Coventry & Warwickshire

Wasps move to Coventry's Ricoh Arena backed by council

Ricoh Arena Image copyright Getty Images
Image caption Coventry City agreed a deal to return to the Ricoh Arena in August

Wasps Rugby Club is set to move to Coventry's Ricoh Arena after a deal was agreed with the city council.

Councillors "unanimously agreed to the proposals", a spokesman said.

Coventry councillors supported a deal to sell the authority's share in ACL - the company that runs the Ricoh Arena - to the Premiership rugby club, but the move has angered many Wasps fans.

The council said the move guaranteed Coventry City Football Club's continuing tenancy at the stadium.

The football club would also have "primacy over match fixtures", it added.

The move by Wasps, who were traditionally a London team but have played at Adams Park in High Wycombe for the past 12 years, has been approved by the Professional Game Board.

Image copyright PA
Image caption Wasps used to be based in London, but have played in High Wycombe for 12 years

The city already has a long-established rugby union club, Coventry, which was formed more than 130 years ago and currently plays in National League One.

'Total disgrace'

Wasps said they were "delighted that Coventry City Council have unanimously approved the sale of their shares in ACL to Wasps" and that final details of the agreement would be confirmed on Wednesday.

"This decision has not been taken lightly, it has been a very thorough and detailed process and we truly believe this is the best option to secure a successful long-term future for the club," a statement said.

It added: "It is no secret that the club has been searching for a permanent home for many years.

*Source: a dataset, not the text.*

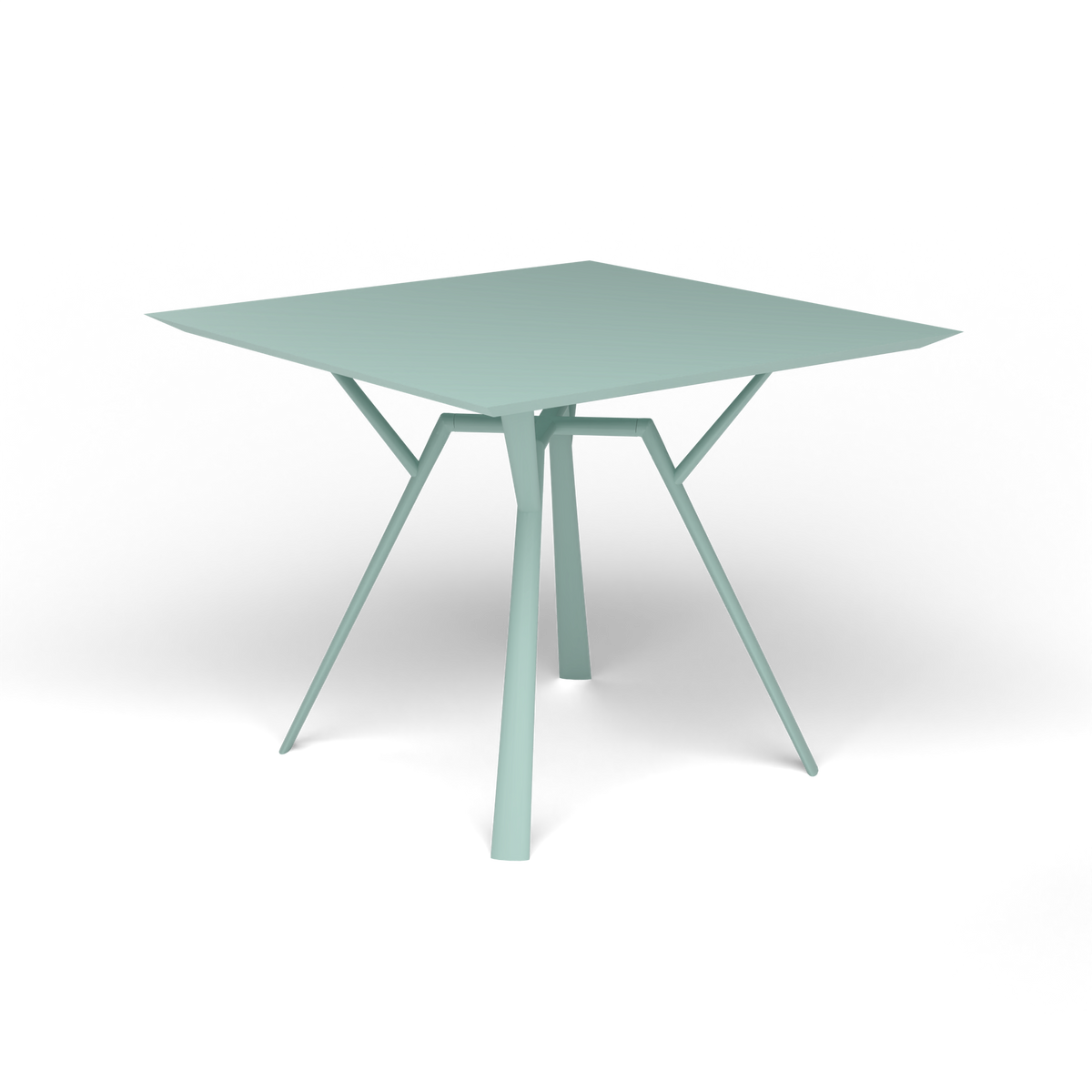 Radice Quadra Vierkante Tafel, 90 × 90 × h 74 cm, Light Blue, Gelakt aluminium (volgt onderstelkleur)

"We are very excited to be in a position to fulfil this ambition and to be able to move to the Ricoh Arena; it is an outstanding arena in a truly fantastic city.

"We understand this is an unsettling period for our supporters and we will be holding a series of meetings for our season ticket holders, starting this week, where we can speak face-to-face to explain our decision and to address their concerns."

Image copyright Getty Images
Image caption Wasps played a Heineken Cup semi with Northampton at the Ricoh in 2007 - in front of many empty seats

But there was an angry response from many fans on Twitter. James Higson tweeted: "What do you suggest we do now then? 6 hour round trip to Coventry every weekend? Total disgrace, I'm no longer a Wasps fan."

Shane O'Brien tweeted: "Every single one of your ST holders should boycott the remainder of your games this year." And Kristian Ross wrote: "Makes me sick to the stomach. The day rugby died and money won."

And Wasps player Tom Varndell said on Twitter: "Lots of tweets from @WaspsRugby fans who feel v upset & angry, as a player I ask plz keep giving us ur cont support, big games coming!!"


The ruling authority on Wasps' move

Wasps' move to the Ricoh Arena was ratified by the Professional Game Board (PGB) a ruling body made up of members from various bodies, including The Rugby Football Union and Premiership Rugby.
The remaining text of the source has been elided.